Short text fragments from websites:
*** Begin section ***

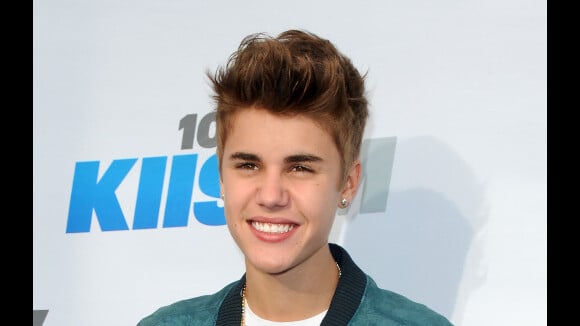 Justin Bieber cruel ou maladroit ? Il reprend les cadeaux qu'il "donne" à ses fans !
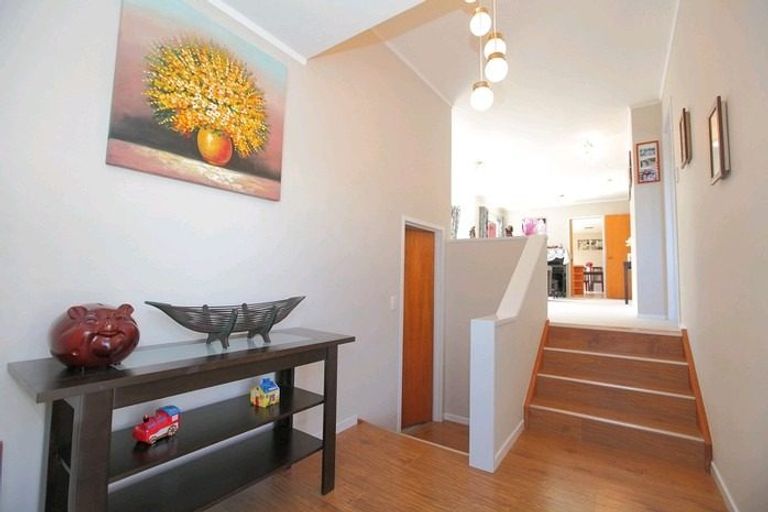 Photo of property in 18 Pinewood Grove, Botany Downs, Auckland, 2010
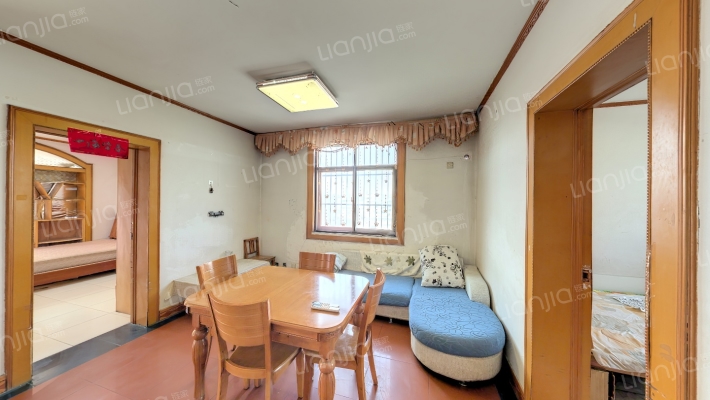 东寓新村二手房实景图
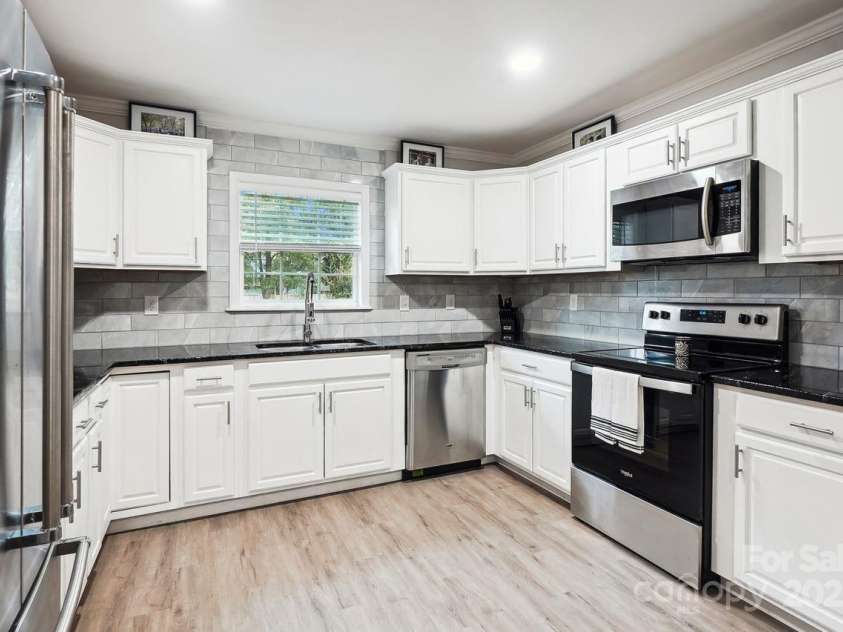 317 Annafrel Street, Rock Hill, SC 29730.  MLS# CAR4180736, YatesRealty ID 5560. 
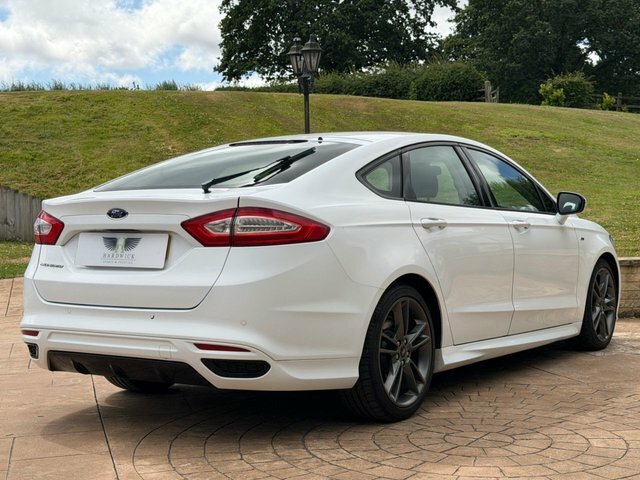 Ford Mondeo 2017 2.0 Tdci St-line Hatchback White #5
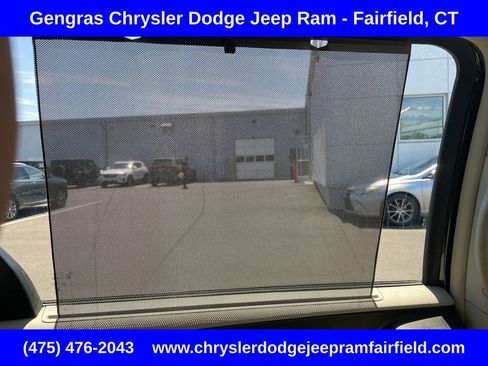 Used 2015 Chrysler Town & Country Touring w/ Driver Convenience Group FWD image 37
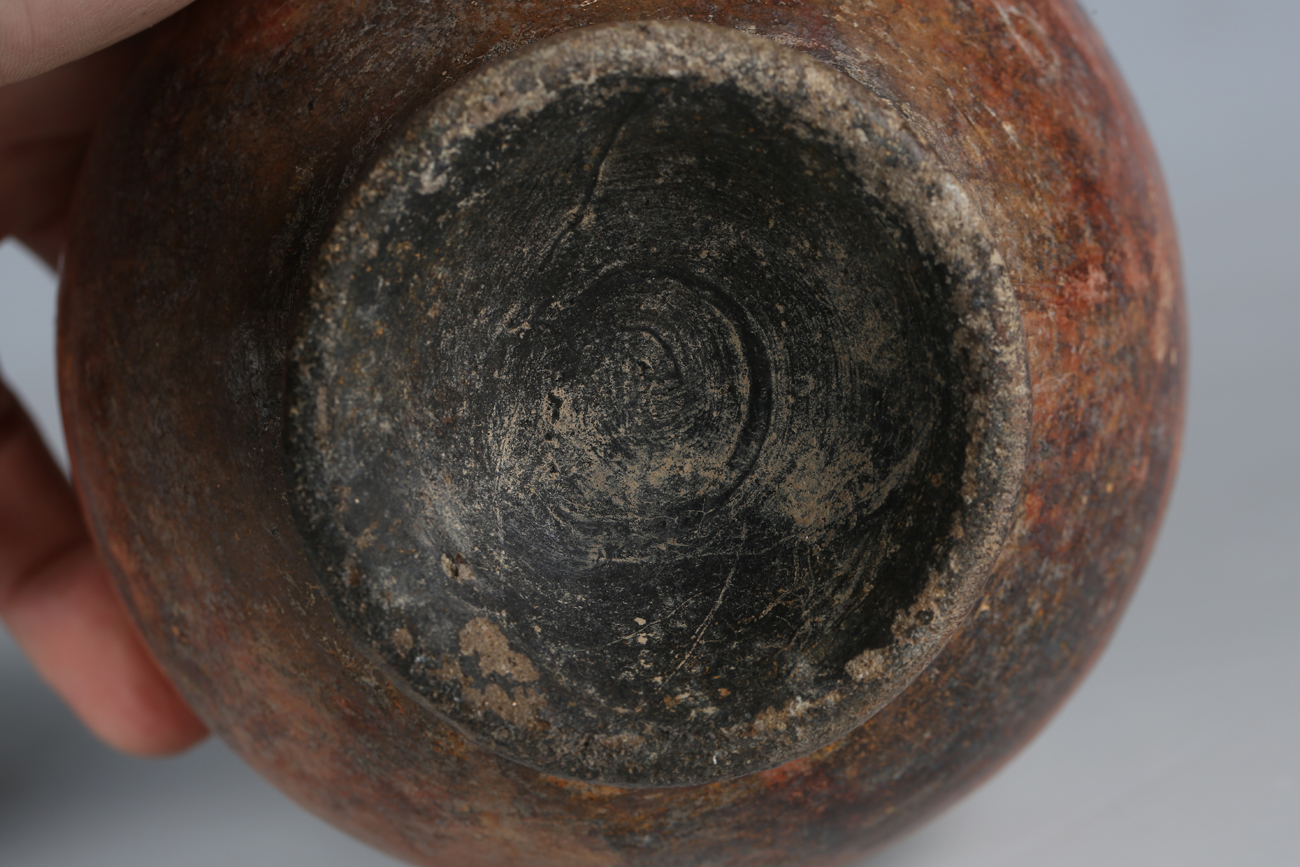 Two pieces of pre-Columbian pottery, comprising a footed bowl with vertical striped banded - Image 10 of 14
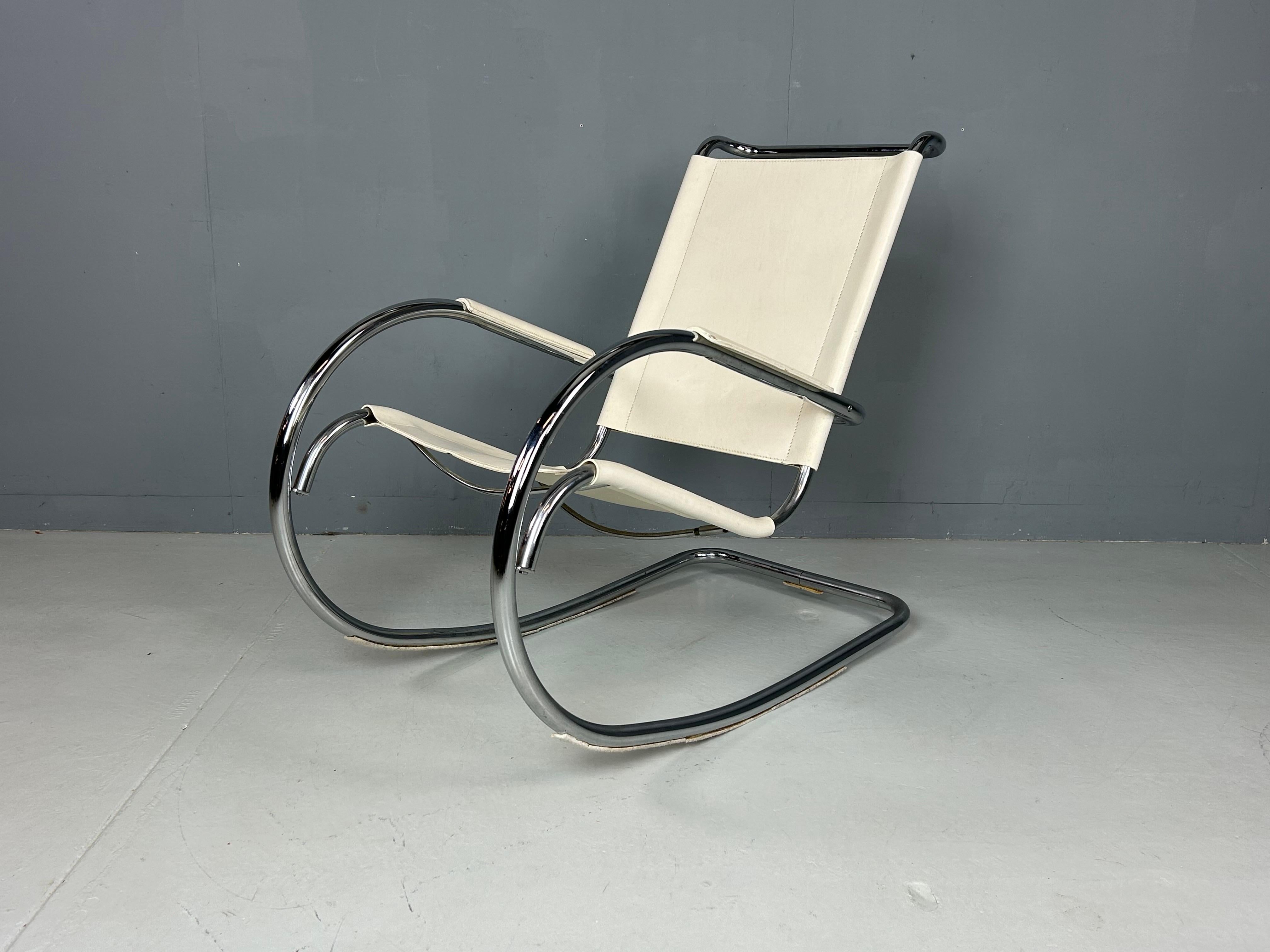 Italian Mid-Century Bauhaus Rocking Chair in Leather by Fasem, 1980s For Sale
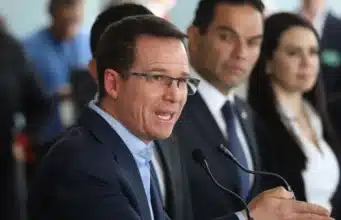 PAN, PRI y MC aseguran que sus senadores no se ausentarán y votarán en contra del “plan B” de Sheinbaum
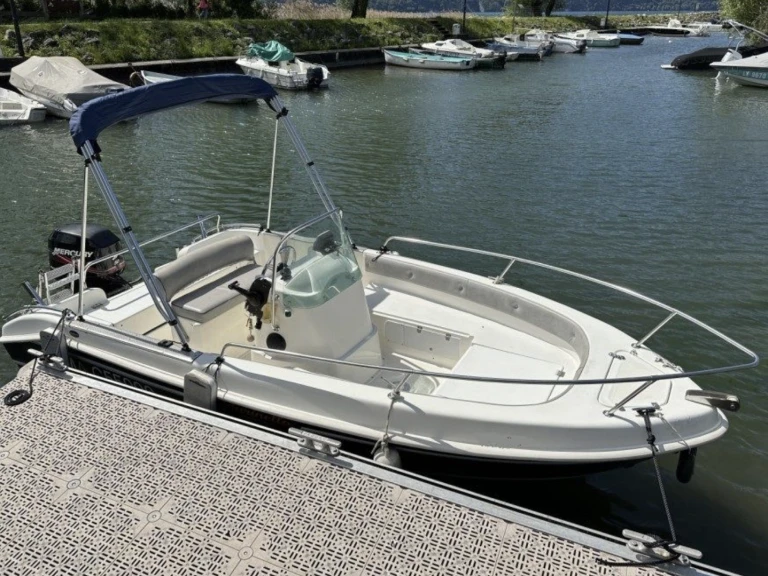 Marinello Fisherman 16 między profesjonalistami a osobami prywatnymi w Aix-les-Bains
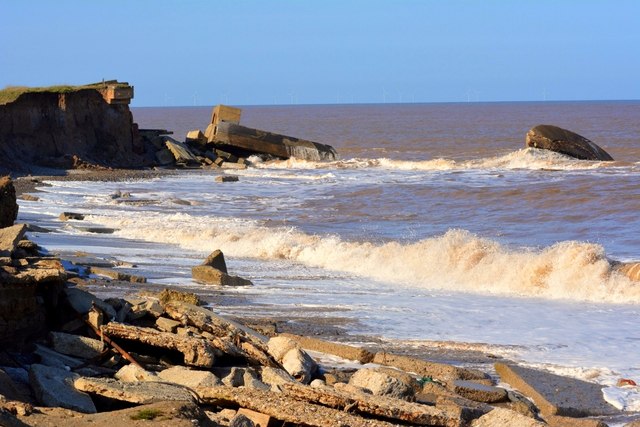 Sandy Beaches, North Marsh Road,... © Mark Stevenson cc-by-sa/2.0 ...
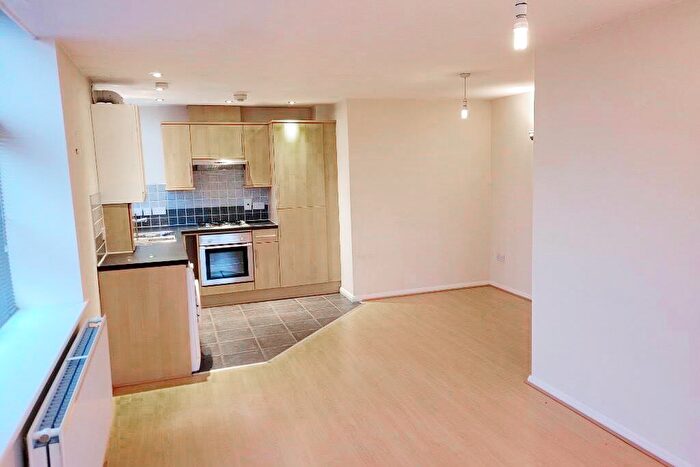 2 Bedroom Flat To Rent In Belle Vue, Leek, ST13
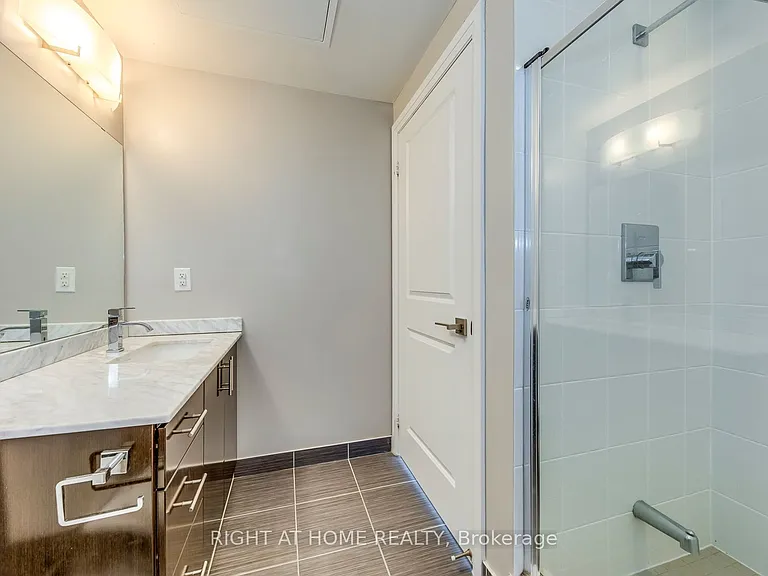 7171 Yonge St #2415 — Photo 10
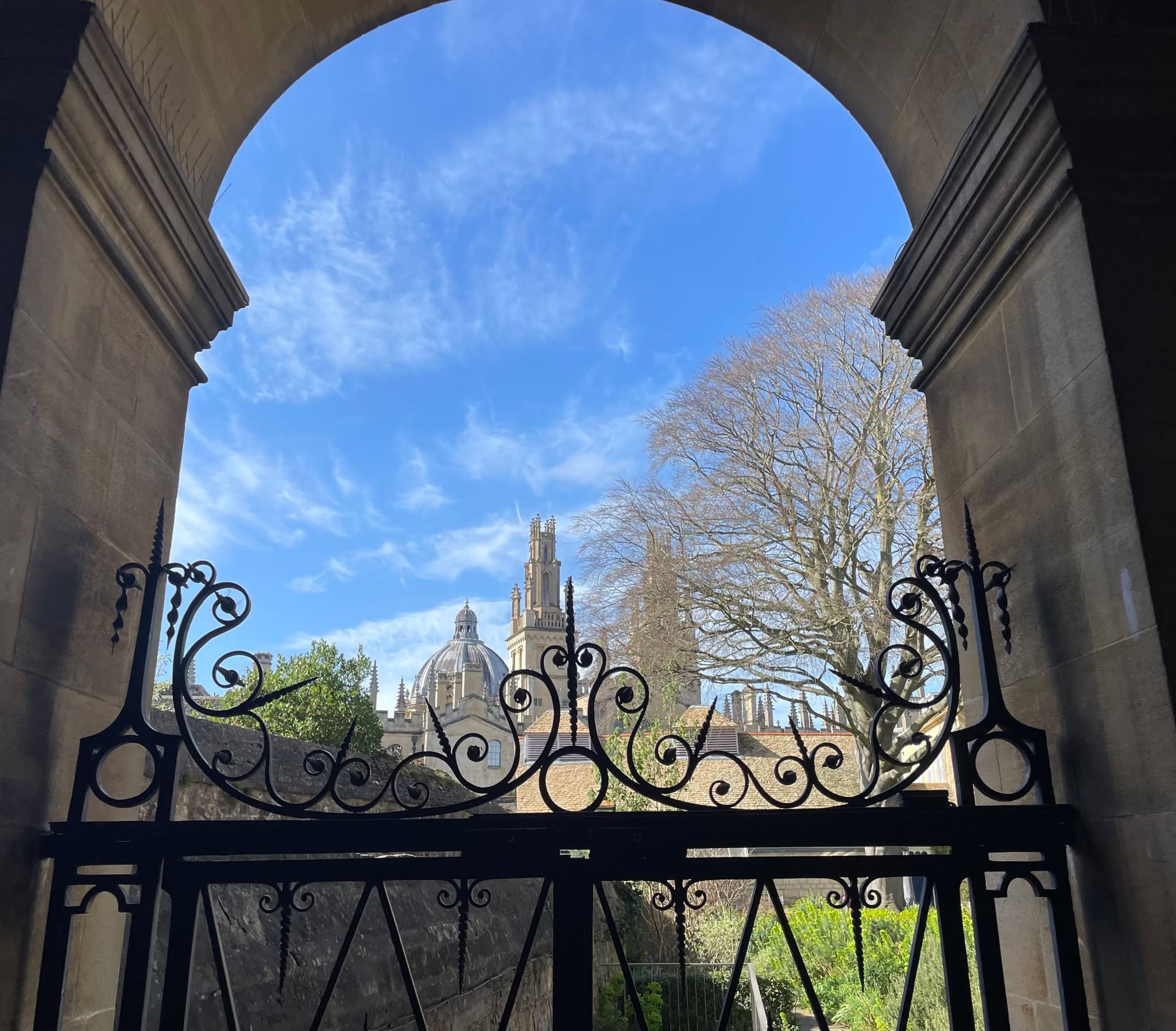 Oxford offers views of beautiful architecture, framed by... beautiful architecture. This is from inside Queens College.
#offbeatcotswolds #bluebadgeguide #bluebadgeguides
#britainsbestguides #oxford #queenscollegeoxford
#explore_britain_ #traveling_uk
#photosofengland #instabritain #europetravel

*** End section ***

### About this task
Your answer must be an exact copy of the lines from the line with "2 Bedroom Flat" to the final line of the data, both ends included, and no pictures.

### Result for this task
 2 Bedroom Flat To Rent In Belle Vue, Leek, ST13
 7171 Yonge St #2415 — Photo 10
 Oxford offers views of beautiful architecture, framed by... beautiful architecture. This is from inside Queens College.
#offbeatcotswolds #bluebadgeguide #bluebadgeguides
#britainsbestguides #oxford #queenscollegeoxford
#explore_britain_ #traveling_uk
#photosofengland #instabritain #europetravel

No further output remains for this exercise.